▶ [Records for this exercise]
┄┄┄┄┄┄┄┄┄┄┄┄┄┄┄┄┄┄┄┄

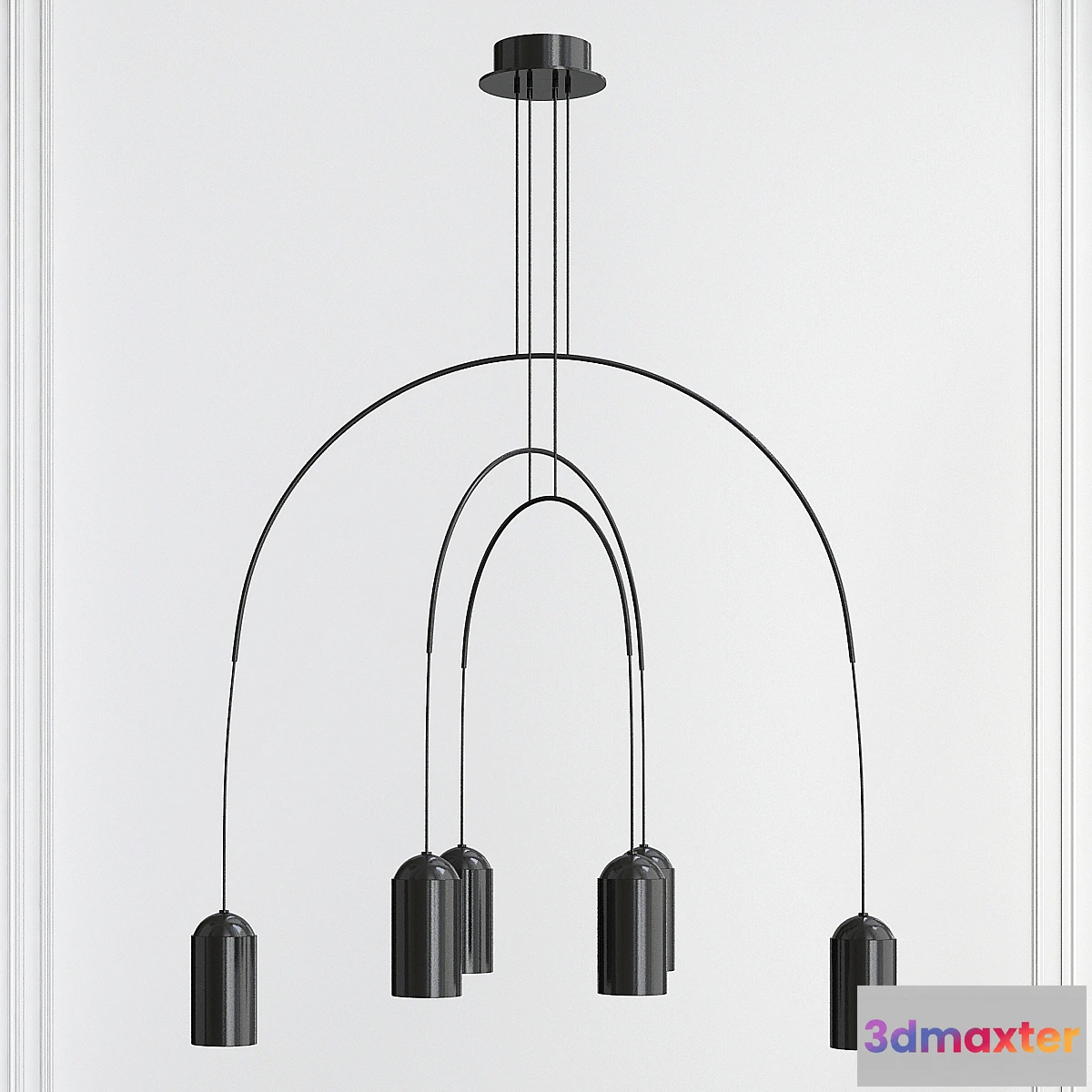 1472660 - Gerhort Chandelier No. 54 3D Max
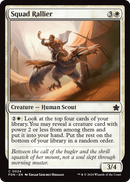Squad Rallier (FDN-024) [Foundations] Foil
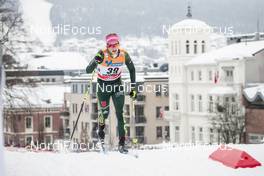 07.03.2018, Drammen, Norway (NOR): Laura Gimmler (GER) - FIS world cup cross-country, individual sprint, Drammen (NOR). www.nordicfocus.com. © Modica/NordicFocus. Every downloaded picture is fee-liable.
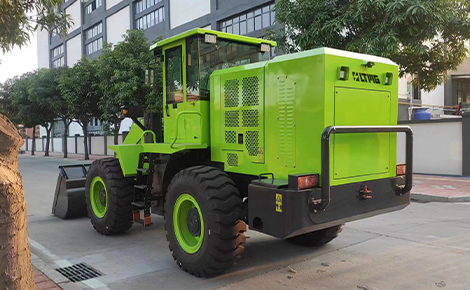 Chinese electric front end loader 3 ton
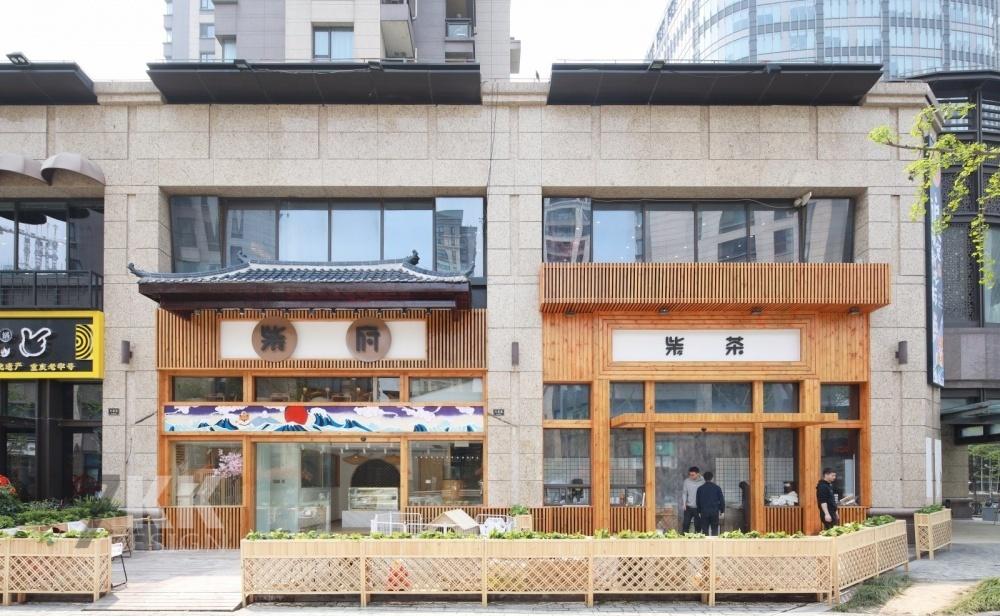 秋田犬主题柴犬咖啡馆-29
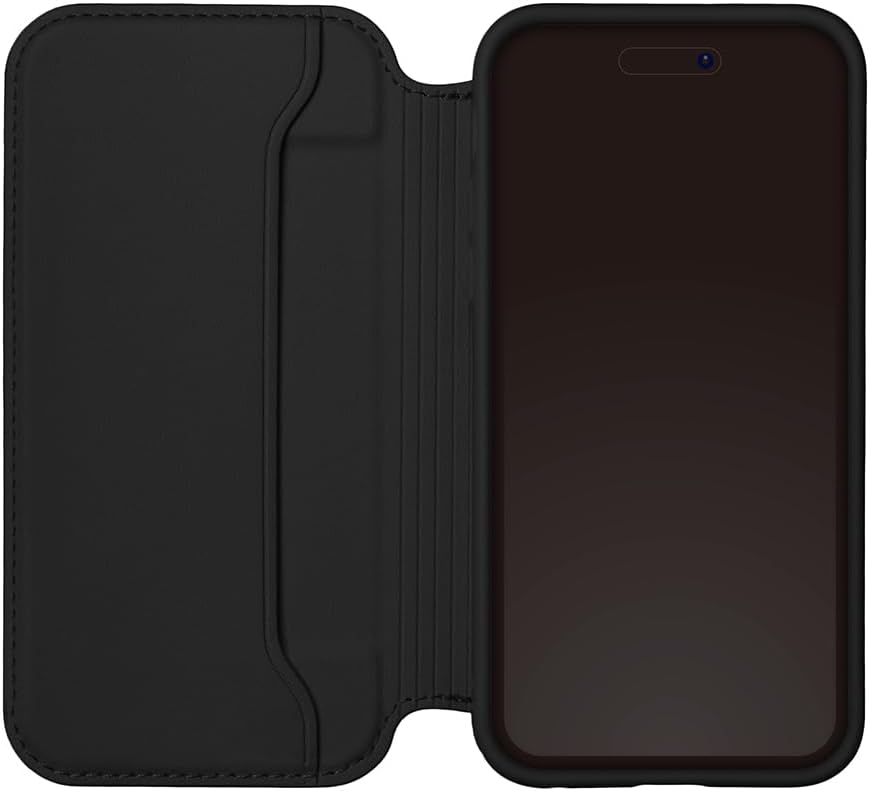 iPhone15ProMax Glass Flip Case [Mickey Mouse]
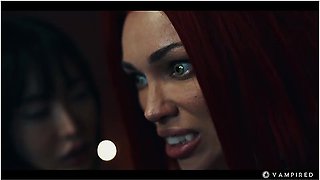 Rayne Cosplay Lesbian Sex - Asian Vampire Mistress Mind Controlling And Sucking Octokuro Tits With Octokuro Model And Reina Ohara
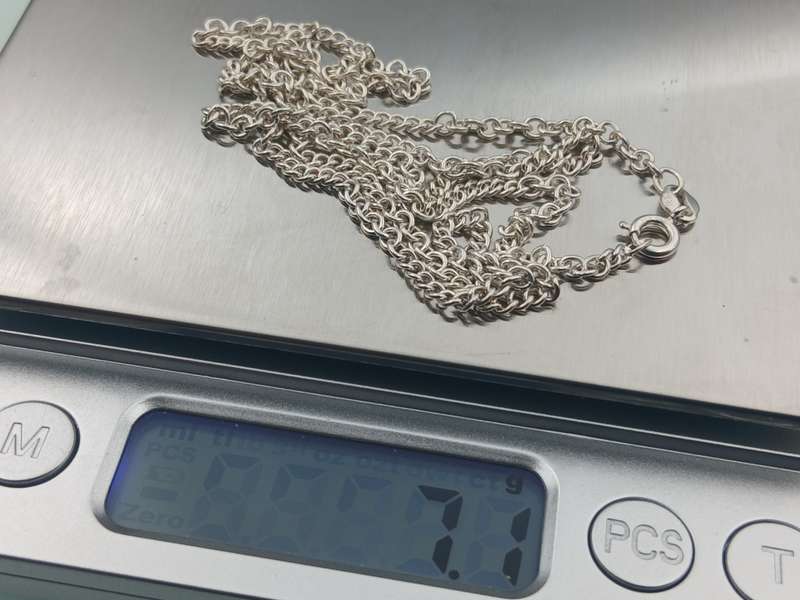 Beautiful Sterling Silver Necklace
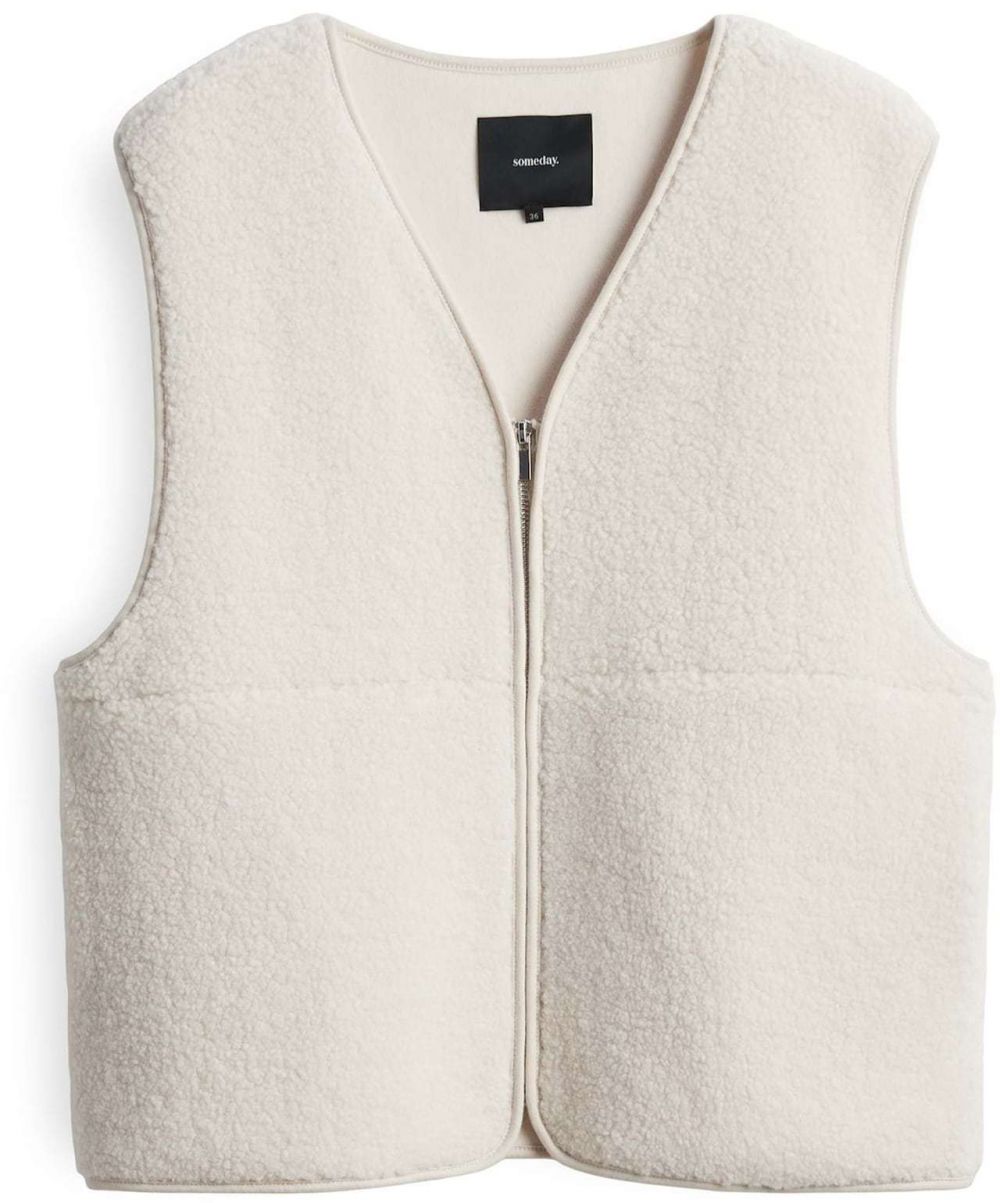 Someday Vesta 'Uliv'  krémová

┄┄┄┄┄┄┄┄┄┄┄┄┄┄┄┄┄┄┄┄

▶ [To do] Print, word for word, every entry shown above; the pictures stay out.

▶ [Exercise solution]
 1472660 - Gerhort Chandelier No. 54 3D Max
Squad Rallier (FDN-024) [Foundations] Foil
 07.03.2018, Drammen, Norway (NOR): Laura Gimmler (GER) - FIS world cup cross-country, individual sprint, Drammen (NOR). www.nordicfocus.com. © Modica/NordicFocus. Every downloaded picture is fee-liable.
 Chinese electric front end loader 3 ton
 秋田犬主题柴犬咖啡馆-29
 iPhone15ProMax Glass Flip Case [Mickey Mouse]
 Rayne Cosplay Lesbian Sex - Asian Vampire Mistress Mind Controlling And Sucking Octokuro Tits With Octokuro Model And Reina Ohara
 Beautiful Sterling Silver Necklace
 Someday Vesta 'Uliv'  krémová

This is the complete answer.